RICHMOND, Jan. 17 -- The metal detector just inside the doors of Virginia's General Assembly Building let out a shriek Monday as Stafford resident Bruce Jackson strode through.
That was not at all surprising, since Jackson was wearing a loaded .45-caliber handgun under his blazer. On the other side of the gate, a uniformed Capitol Police officer examined his driver's license, then his concealed handgun permit, had a quick word and waved him along.
Virginia Gun Bills|
Gun rights advocates and gun control supporters visited Richmond yesterday to lobby the legislature. These bills, under consideration by Virginia's General Assembly, are among the top concerns for both sides:
SB 850: This Senate bill would allow those who own guns legally to carry their weapons in all public buildings. The bill would invalidate a rule adopted in March that barred Virginians from carrying guns in the Capitol and General Assembly Building without a concealed handgun permit. Gun rights advocates say the bill is needed to protect those without the permits who can legally carry guns openly elsewhere.
SB 807: This Senate bill would require private sellers to conduct criminal background checks on prospective buyers at gun shows, a requirement now limited to licensed dealers.
HB 2424: If this House bill passed, gun owners with permits could wear their guns concealed in restaurants and bars where alcohol is served, provided they don't drink.
HB 2535: This House bill would allow those with concealed handgun permits to have guns in their cars on public school property. Guns on school property are currently illegal in Virginia, except in select cases.
The routine took only a few moments, but for Jackson and other members of the Virginia Citizens Defense League, it required one step too many.
Until March, anyone could carry firearms openly into the legislators' office building and the Capitol nearby. Then a joint committee of delegates and senators passed a rule requiring residents to hold a concealed gun permit to bring in a firearm, even if they plan to carry it openly.
Soon, people without permits will be able to check their guns at the door, relinquishing them to a locker the Capitol Police have ordered, said Maj. Michael A. Jones, a police spokesman. Until it arrives, they will be turned away.
"You don't have to ask the government for permission to carry a gun," said Philip Van Cleave, president of the league. "Once you start whittling away at the right, when do you stop?"

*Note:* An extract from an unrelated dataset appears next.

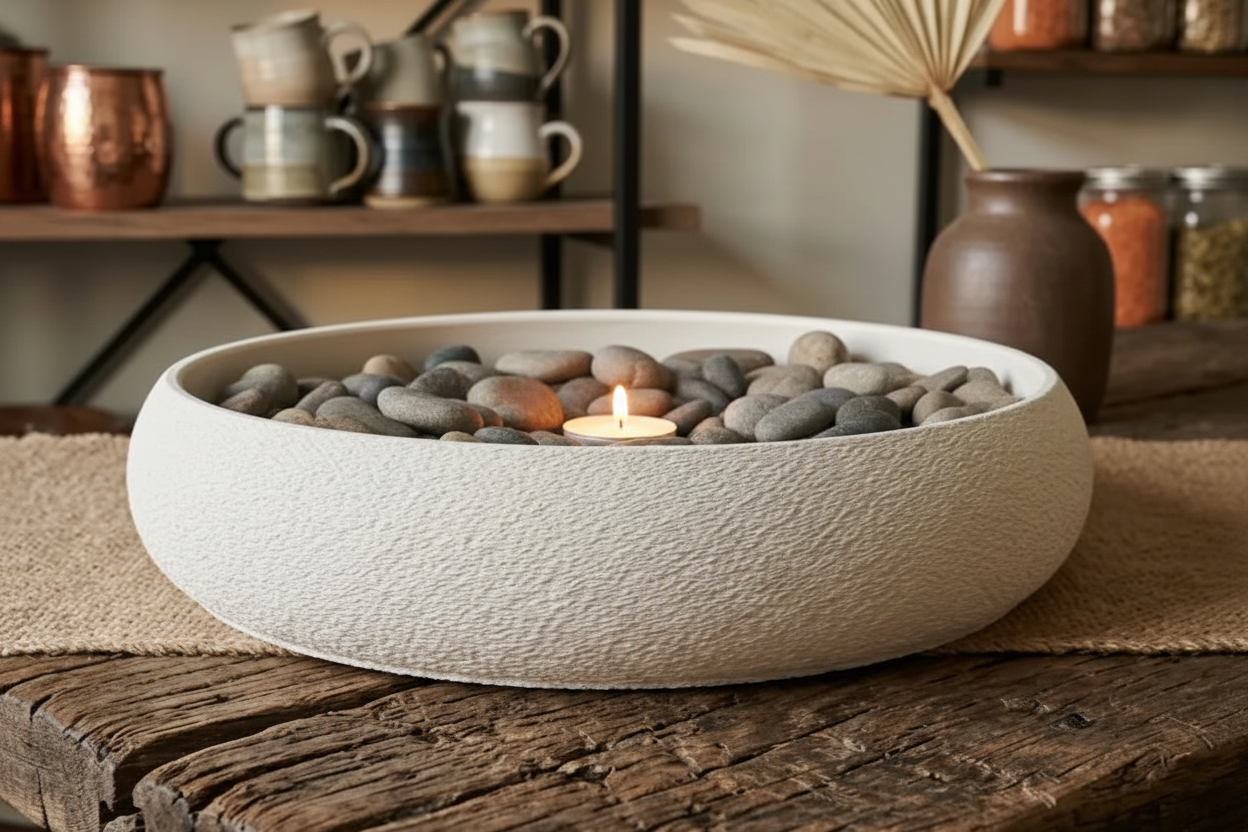 Bowl with river pebbles and tealight candle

About 30 members of the league, a 2,400-member gun advocacy group, visited Richmond on Monday to lobby for loosened rules for gun owners. Besides the new restriction, the group also hopes to repeal a ban on carrying concealed weapons in restaurants that serve alcohol. "It's not about drinking," Van Cleave said. "It's about going into a restaurant to eat."
Members of the same group caused a stir in Northern Virginia last year, when police were called out several times after members wore their guns openly to restaurants, including Starbucks and Champps. Carrying a gun openly is legal in Virginia, however, and each instance was resolved in their favor.
In the fall, a group of league members again attracted attention when they displayed their guns at a Falls Church City Council meeting.
The new rule at the Capitol did not bar any group members from bringing their weapons into the building Monday -- they're all permit holders -- but they worry it could lead to new restrictions at local government hearings such as in Falls Church. Since 2002, communities have been prohibited from enacting gun restrictions unless they are endorsed in Richmond.
"It's do as we say, not do as we do," said Jim Snyder, a director of the league.
Sen. Kenneth W. Stolle (R-Virginia Beach), a strong proponent of the new restriction in Richmond, said the fear is misplaced. He called the permit requirement a "common-sense procedure" that ensures that Capitol police know gun owners have undergone a background check, required for a permit, before proceeding into the building.
"We can't have a helter-skelter approach in Virginia, where into some buildings you can take guns and into some you can't," said Stolle, who generally supports gun rights. But "there's only one Capitol. There's a significant difference."
No one called police to the General Assembly Building on Monday as members of the group went office to office, chatting up legislative aides and handing out buttons. Most, like Jackson and Van Cleave, packed heat discreetly underneath jackets.
A few, such as Web programmer Matt Martin from Henrico County, wore guns strapped to their hips -- in his case, a loaded Kimber 1911, which he said he carries openly "anywhere and everywhere." They attracted a few stares but no protest.
The league is a relatively small gun rights group. The far better known National Rifle Association has about 100,000 members in Virginia.
Also lobbying the legislature Monday was Virginians Against Handgun Violence. That group is pushing for a law to require private sellers to conduct the same background checks at gun shows required of licensed dealers. They also oppose fiddling with the capital's new rule.
Group member Josh Horwitz of Arlington said that requiring the permits means police know gun-toting lobbyists have cleared a criminal check. Without them, he said, "we don't know if they're law abiding. We don't know that they're skilled. We don't know that they're trained."
"It defies logic" to allow guns into the Capitol buildings, said Martina Leinz, who also works with the Million Mom March, which advocates gun control. "It's just common sense."